Friday, 25 October 2024

Sweeney Todd: The Demon Barber Of Fleet Street (1936)

Every film fan and movie collector knows that the best thing about it is constantly making new discoveries. Of course, one of the worst things about it is . . . also constantly making new discoveries. It's bad for your bank balance, it's bad for any physical space being eaten away by any collection, and it's bad for your sense of self as you figure out yet another big gap in your knowledge highlighted by some lovely boxset that you've just bought. This is what happened to me when I picked up a lovely Tod Slaughter set earlier this year (accompanied by a fine tome I have yet to start reading).

Not knowing where to begin with any of his films, but knowing that he was celebrated for some fantastic stage work that was also translated into movies in the 1930s (although his career spanned more than just that decade, of course), I decided to take what I saw as the safest option, diving in to a film with a very familiar storyline, and one I have loved since seeing it played out in a wonderful coin-operated machine that used to be the highlight of Edinburgh’s Museum of Childhood.

Thanks to other movie versions, and also the enduring appeal of this macabre tale, I expect that everyone knows what this is about. Sweeney Todd (Slaughter) is a barber who gets into the habit of killing certain victims who end up in his chair, and then turning the chair on a trapdoor mechanism to deliver the body into the underbelly of Mrs. Lovatt (Stella Rho), who then turns them into pies. Things get more tense between the two when Todd sets his sights on the lovely Johanna Oakley (Eve Lister), but Johanna hopes to soon be reunited with her love, Mark (Bruce Setton), who is spending some time at sea as he tries to improve his lot in life.

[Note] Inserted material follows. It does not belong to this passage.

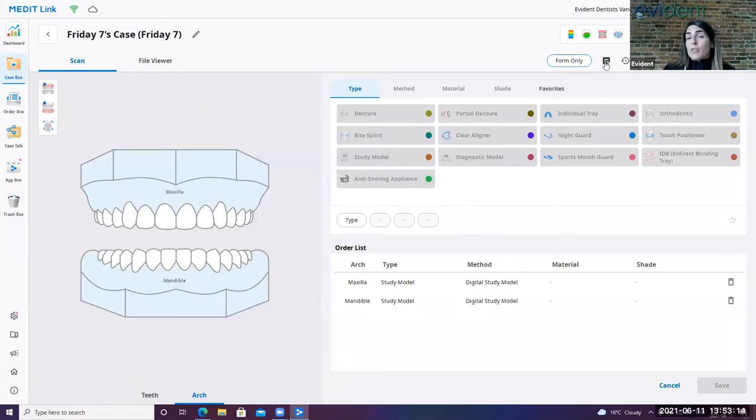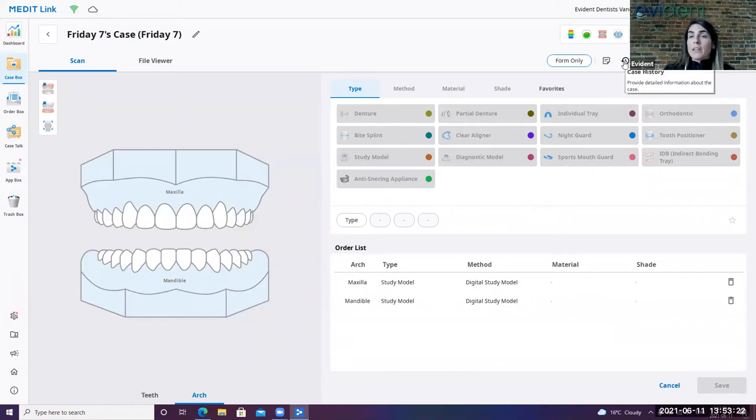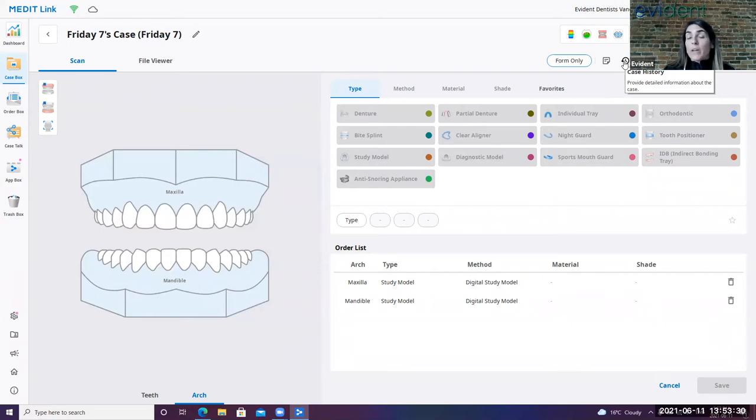As I've mentioned earlier, there's this memo button in order for you to be able to indicate specific notations for your lab. You can also look at your case history. So when the case was created, scanned, and last modified, that can be helpful if you're a bigger practice, and you've got multiple people going into those cases. And sometimes it's important to know when it was last modified to ensure that you're sending the most recent and updated scan.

Making use of an amusing framing device (a man waking into a barbershop where he is told this story), this is an unsurprisingly brisk 76 minutes, the perfect pacing helped by the absolutely superb lead performances from Slaughter and Rho. John Singer plays a young apprentice named Tobias, which provides a way to both show how our deadly duo operate and add some extra tension in the escalation of the third act.

Although this feels very much like a Tod Slaughter film ahead of anything else, director George King deserves credit for his work, as do the writers, including the creator of the stage material serving as the source, George Dibdin-Pitt, dialogue contributor H. F. Malibu, and Frederick Hayward. Everything plays perfectly, including the specific allusions to the content of the pies, the fun set design, and the moments that provide a glimpse of what happens to the unwitting victims as they are polished off by the titular villain.

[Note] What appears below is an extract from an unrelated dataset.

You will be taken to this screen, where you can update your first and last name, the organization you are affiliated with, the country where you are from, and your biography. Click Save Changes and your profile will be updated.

It is Slaughter’s film though, no doubt about it, and his performance is the highlight of the whole thing. That’s why it’s pleasantly surprising to find that his co-stars do their best to match him. Yes, Lister and Setton may be stuck with the weaker roles, but they have great energy and attitude when being placed in peril in time for the grand finale. Singer is very enjoyable as the kind of Dickensian urchin usually seen in, well, Charles Dickens tales, and Davina Craig and Jerry Verno provide supporting turns that feel useful to the narrative, yet also provide some comic relief from the dastardly dealings. Rho is the other real star though, holding her own opposite Slaughter in a number of scenes that show the turbulence of their arrangement as the power dynamics start to tilt favourably from one to the other.

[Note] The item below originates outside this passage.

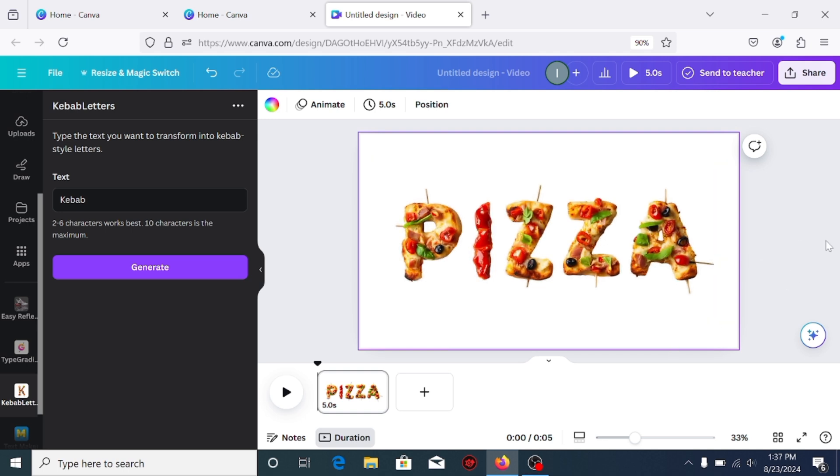With this, you are done. I hope you like this tutorial. Subscribe to the channel to learn more about Canva.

I expected something stagey, a bit creaky, and maybe just a bit too old-fashioned to be truly entertaining. What I got was something that managed to avoid claustrophobia (one or two different settings help to occasionally get us out of Todd’s “lair”) while always providing viewers with an absolute feast of eyebrow-wiggling, finger-twirling, twinkly-eyed devilry. Which is what you should really want from a Sweeney Todd movie. It ostensibly felt like a film version of that coin-operated machine I fell in love with as a kid, which means that I slightly fell in love with this too.